Given data below:
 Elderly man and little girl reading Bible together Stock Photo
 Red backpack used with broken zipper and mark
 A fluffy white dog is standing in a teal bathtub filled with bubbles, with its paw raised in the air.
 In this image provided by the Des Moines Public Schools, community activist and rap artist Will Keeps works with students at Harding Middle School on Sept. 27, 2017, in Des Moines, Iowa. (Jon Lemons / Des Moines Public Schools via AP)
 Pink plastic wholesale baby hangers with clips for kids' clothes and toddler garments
End of Given data.
Given data below:
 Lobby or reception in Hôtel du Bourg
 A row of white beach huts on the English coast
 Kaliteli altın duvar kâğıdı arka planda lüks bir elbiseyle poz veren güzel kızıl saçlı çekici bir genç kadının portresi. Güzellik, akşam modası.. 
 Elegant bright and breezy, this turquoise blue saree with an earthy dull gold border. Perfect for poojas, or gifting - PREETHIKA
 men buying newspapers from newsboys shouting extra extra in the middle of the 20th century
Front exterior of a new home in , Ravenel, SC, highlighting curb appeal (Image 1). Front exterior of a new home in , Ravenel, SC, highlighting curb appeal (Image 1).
End of Given data.
Given data below:
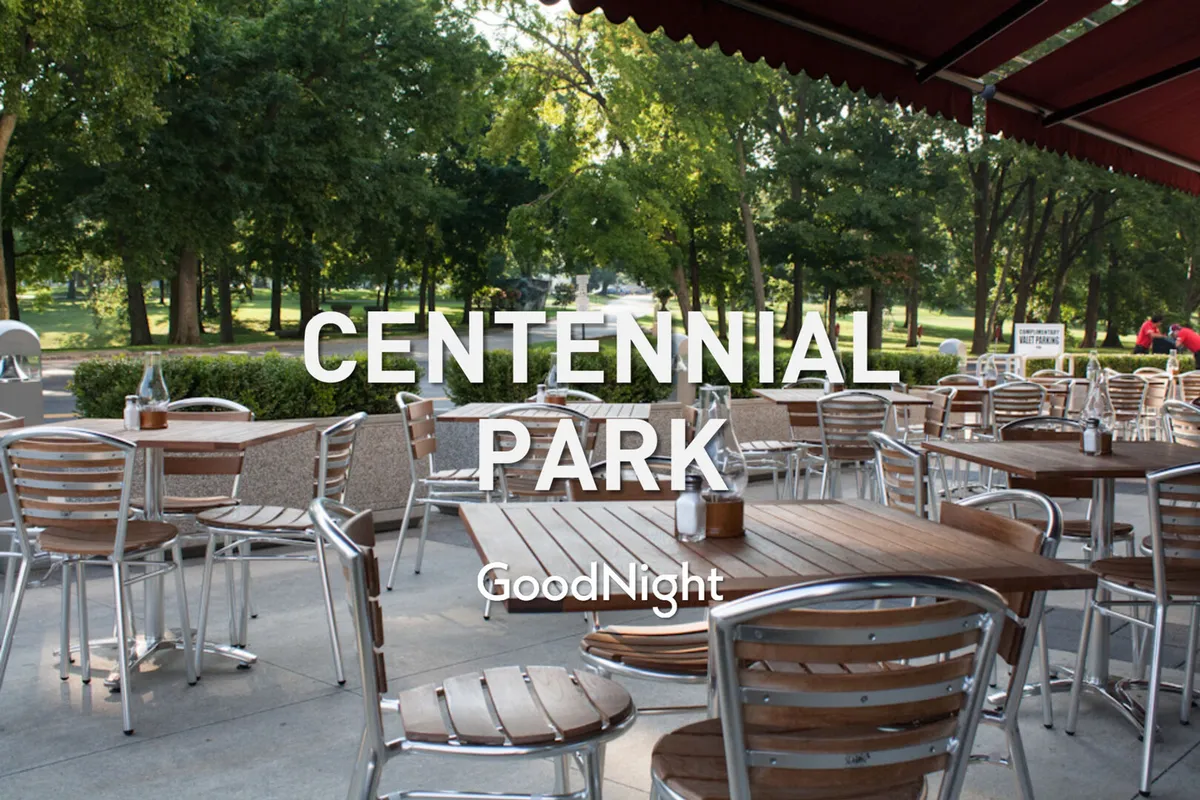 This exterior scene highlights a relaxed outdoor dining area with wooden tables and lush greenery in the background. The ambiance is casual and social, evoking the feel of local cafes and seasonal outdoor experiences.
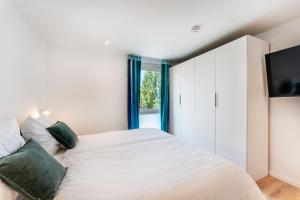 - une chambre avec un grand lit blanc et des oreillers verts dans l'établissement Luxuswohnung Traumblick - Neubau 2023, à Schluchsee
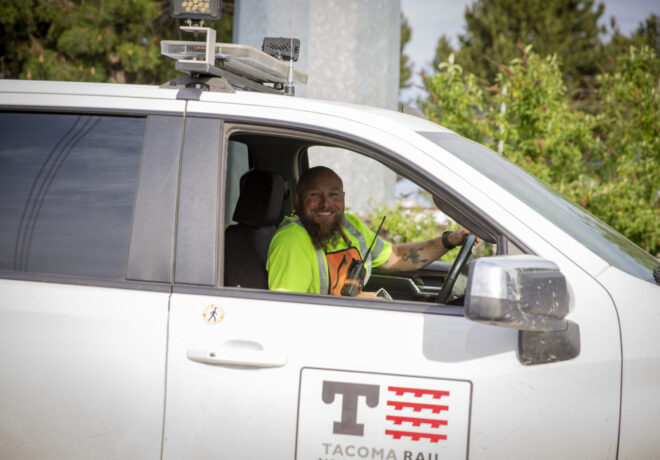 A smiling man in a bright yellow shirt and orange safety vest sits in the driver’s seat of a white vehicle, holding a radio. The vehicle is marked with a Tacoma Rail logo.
End of Given data.
◆ **Work to complete**: Everything above from the line with "Red backpack used" to the line with "A fluffy white", both included, must be repeated exactly, and nothing outside that range.

◆ **Exercise output**:
 Red backpack used with broken zipper and mark
 A fluffy white dog is standing in a teal bathtub filled with bubbles, with its paw raised in the air.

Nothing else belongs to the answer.